Ce fait, ajouté aux risques inflationnistes, constitue un argument en faveur de la maîtrise des dépenses.
« Nous savons que nos finances publiques dépendent fortement de l’impôt sur les sociétés, dont une grande partie est de nature ‘aubaine’ et n’est pas liée à notre économie nationale », a déclaré Chambers mardi, arguant que la rigueur économique avait été prise en compte dans les décisions gouvernementales.
« Une grande partie de nos recettes fiscales sont liées à ce flux de revenus très concentré. Comme je l’ai déjà dit à plusieurs reprises, nous ne devons pas utiliser ces recettes potentiellement éphémères pour financer des mesures de dépenses permanentes. »
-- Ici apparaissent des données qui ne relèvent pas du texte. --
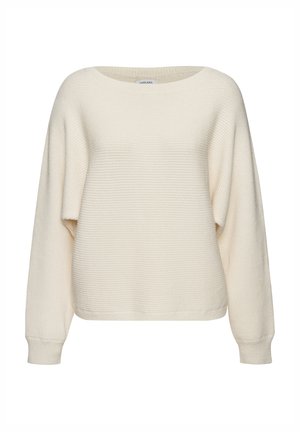RUNDHALS - Pullover - creme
Ce message a été réitéré par le ministre des Dépenses publiques Paschal Donohoe, qui s’est exprimé après Chambers.
Selon les plans budgétaires, une partie de l’augmentation des recettes fiscales irlandaises contribuera aux coussins de résilience, en particulier le Future Ireland Fund et le Fonds pour les infrastructures, le climat et la nature.
«(Un excédent budgétaire) permet une certaine flexibilité et nous donne une bien meilleure chance de pouvoir faire face aux risques que nous ne prévoyons pas venir», a déclaré Donohoe.
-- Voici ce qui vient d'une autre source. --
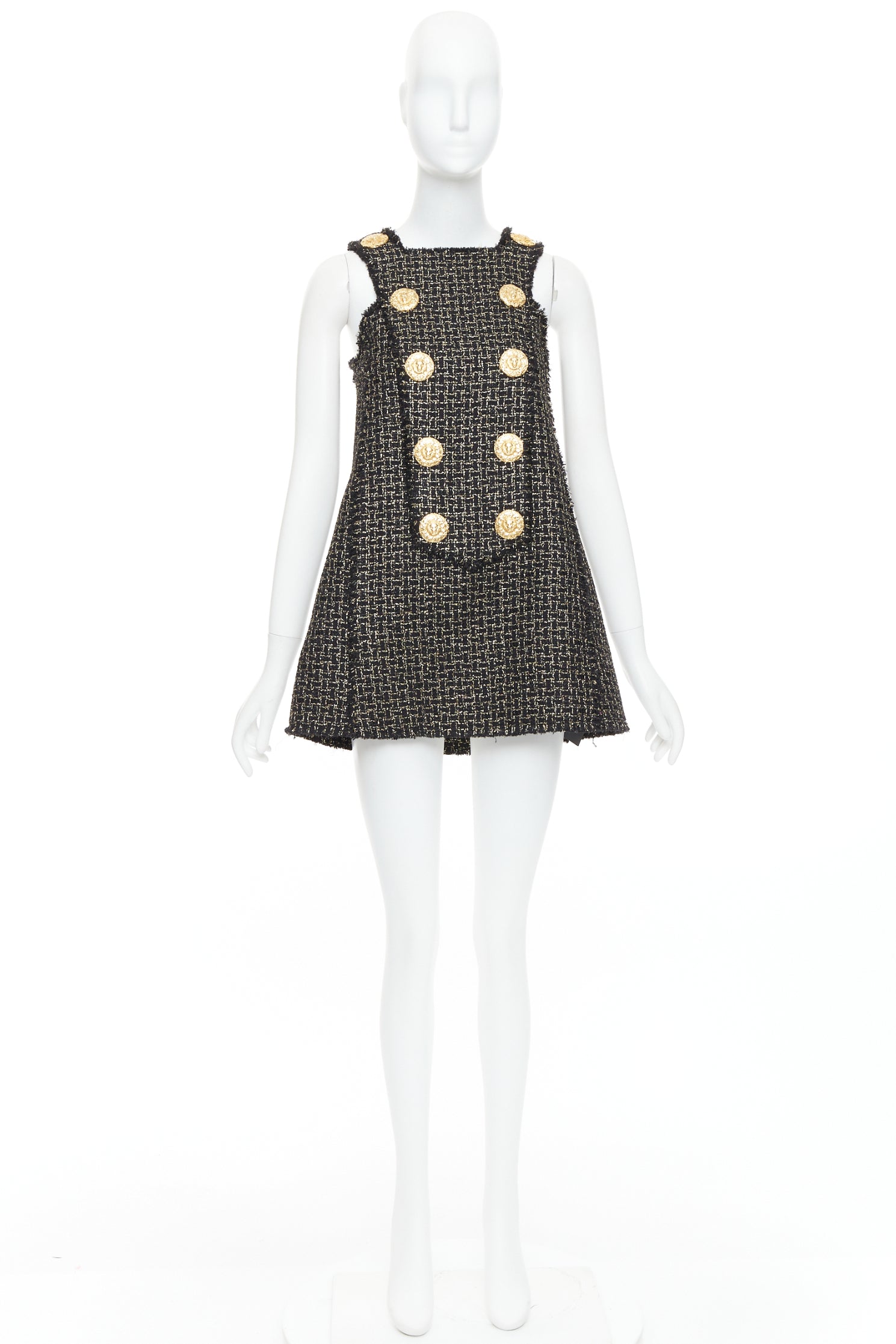 Balmain Metallic Tweed Dress - Image 11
Autres priorités d’investissement
Les ministres ont également souligné mardi l’importance d’investir dans les infrastructures publiques pour remédier aux défauts structurels de longue date de l’Irlande.
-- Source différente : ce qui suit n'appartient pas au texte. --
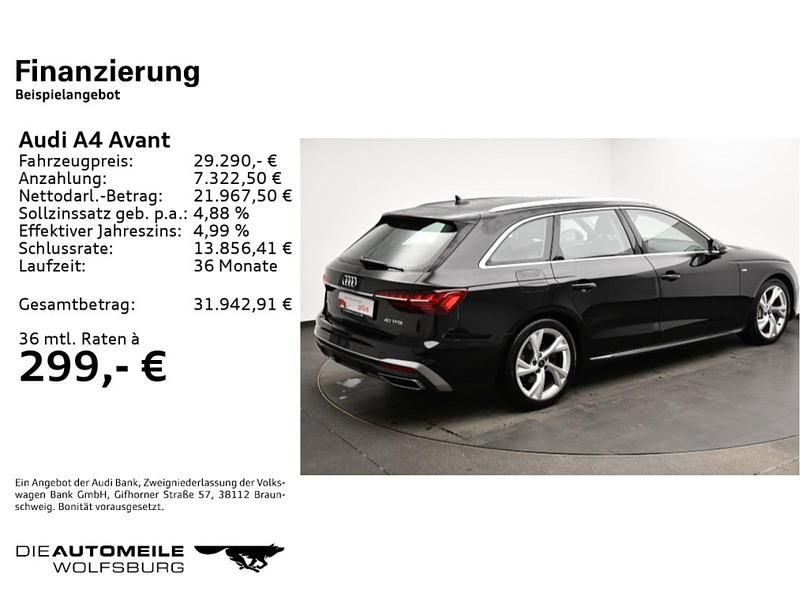 Gebraucht Audi A4 S-Line 204 PS (150 kW) 2023 Kombi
L’énergie, l’eau et le logement ont été identifiés comme des domaines à améliorer, au même titre que les soins de santé.
Une somme supplémentaire de 2,7 milliards d’euros sera allouée au secteur de la santé sur deux ans et 495 nouveaux lits seront créés dans les services hospitaliers et communautaires.
Des fonds supplémentaires seront également consacrés à la construction de nouveaux logements en Irlande et au soutien de programmes de logements abordables.
De nombreux Irlandais ont du mal à se permettre un logement, car les réglementations d’urbanisme complexes et le manque d’offre ont fait monter les prix en flèche.
« Les mesures fournissant davantage de financement à certains ménages pour qu’ils puissent acheter une maison ne feront qu’augmenter les prix de l’immobilier », a prévenu John D. FitzGerald, professeur d’économie au Trinity College de Dublin.
« Ce qu’il faut, c’est une stratégie à moyen terme, développant la capacité d’investissement de l’économie afin que les investissements majeurs nécessaires dans les infrastructures puissent être entrepris sur la période allant jusqu’en 2030 », a-t-il déclaré à L’Observatoire de l’Europe Business.
« Il n’est pas possible d’accélérer rapidement de tels investissements. Cela aurait été beaucoup plus efficace si le budget était combiné avec d’autres mesures visant à faciliter les investissements, notamment un changement rapide du système de planification. »
À bien des égards, la tâche d’élaboration du budget de l’année prochaine a été facilitée pour le gouvernement irlandais en raison de la bonne santé économique du pays.
D’un autre côté, les ministres sont quelque peu coincés entre le marteau et l’enclume, équilibrant les attentes de générosité tandis que les économistes appellent à la prudence.